氷翼号は、吹雪の壁を切り裂きながら大陸の中央平原へと躍り出た。
 背後には管理局の飛行艦が執拗に食らいつき、空を覆い尽くさんばかりの魔導の光が降り注いでいる。だが、ユノの意識はもはや追撃者にはなかった。彼女の耳には、列車が走る線路を通じて、大陸の隅々から届く「声」が響いていた。
「……届いている。みんなの冬が」
 ユノが車内放送で訴えた言葉は、管理局の通信網を逆流し、各地のラジオや公共スピーカー、果ては人々の枕元にある受信機にまで届いていた。

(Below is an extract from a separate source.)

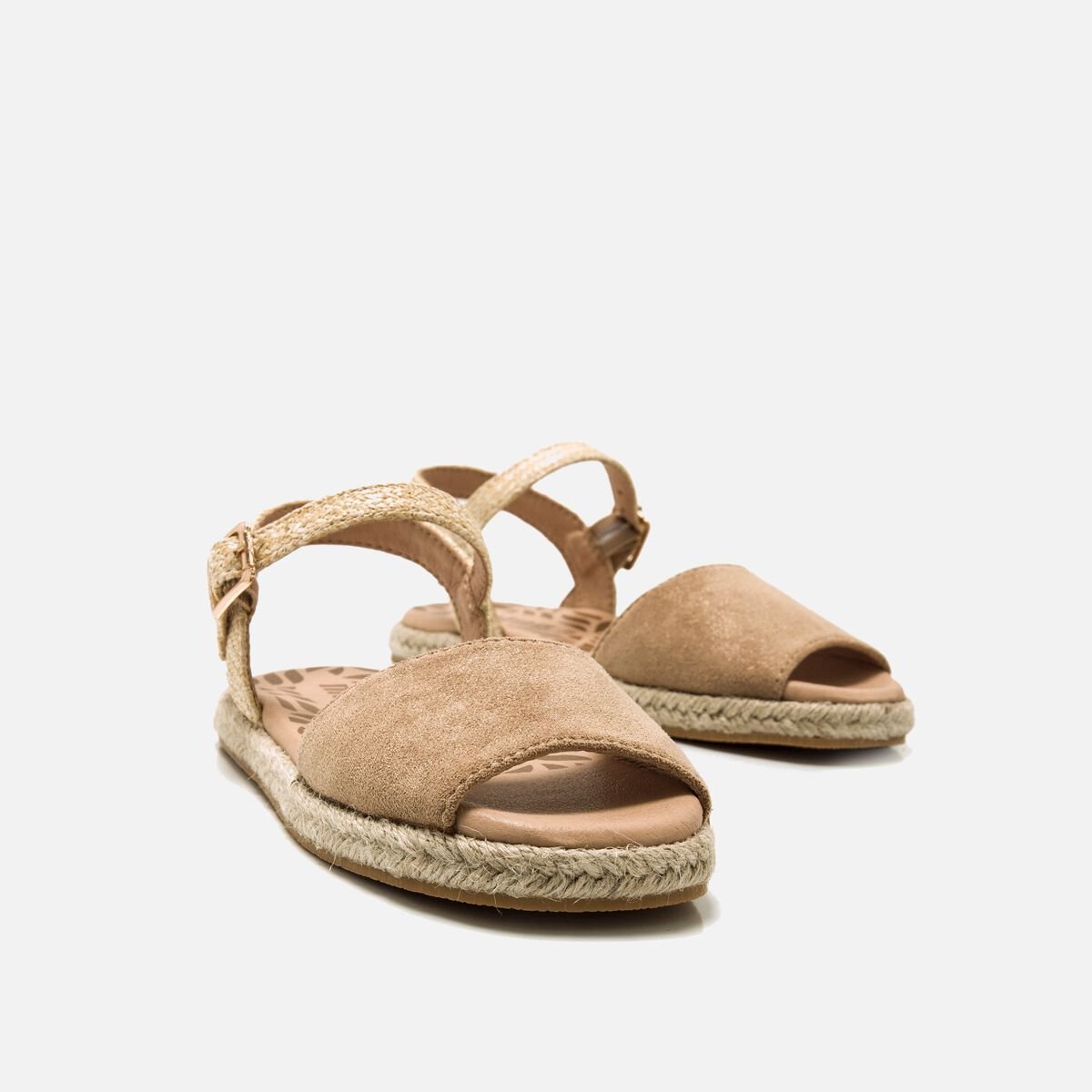 Sandalias de Rapariga modelo MARIANNA de MTNG image number 3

 それは、これまで「効率」や「幸福」という名の下に押し殺されてきた、人々の未練の叫びだった。
『父さん、あの時言えなかった「ありがとう」を、この雪に乗せて送るよ』
『十年前に死んだ飼い犬の毛並みを、まだ覚えているんだ。それを冬に返してもいいかな』
『失恋したあの夜の寒さを、もう一度だけ感じたい。そうすれば、私は明日から笑える気がする』
 無数の声が、銀色の糸となって氷翼号へと収束していく。
 大陸西部の港町では、海難事故で息子を亡くした父親が、海に向かって叫んでいた。
『行け! 俺のこのどうしようもない後悔も、冬の雪にしてくれ! そうすれば、あいつの墓に花を供えに行ける!』
 中央の学園都市では、かつて親友と絶交したまま卒業してしまった少女が、古い卒業アルバムを抱きしめていた。
『ごめんね、あの時素直になれなくて。私のこのちっぽけなプライドも、冬の中に溶かしてしまいたい』
 それらの想いは、目に見える銀色の奔流となって、大陸を横断する線路の上を走る氷翼号へと集まってくる。
 客車内では、エララが窓を開け、婚約者への手紙を風に放った。手紙は空中で無数の光の粒となり、鳥籠の中へと吸い込まれていく。他の乗客たちも、大切に持っていた形見や、心の奥底に沈めていた古い写真を手に取り、次々と鳥籠へと捧げていった。ある老婦人は、亡き夫が愛用していた眼鏡を。ある青年は、夢を諦めた時に書いた未完成の楽譜を。
 鳥籠の中で渦巻く吹雪は、もはや狂暴な嵐ではなかった。それは、無数の命が紡いできた物語が織りなす、荘厳なオーロラのようだった。光は車両の壁を透過し、列車全体が巨大な銀色の繭に包まれたかのような幻想的な光景を作り出していた。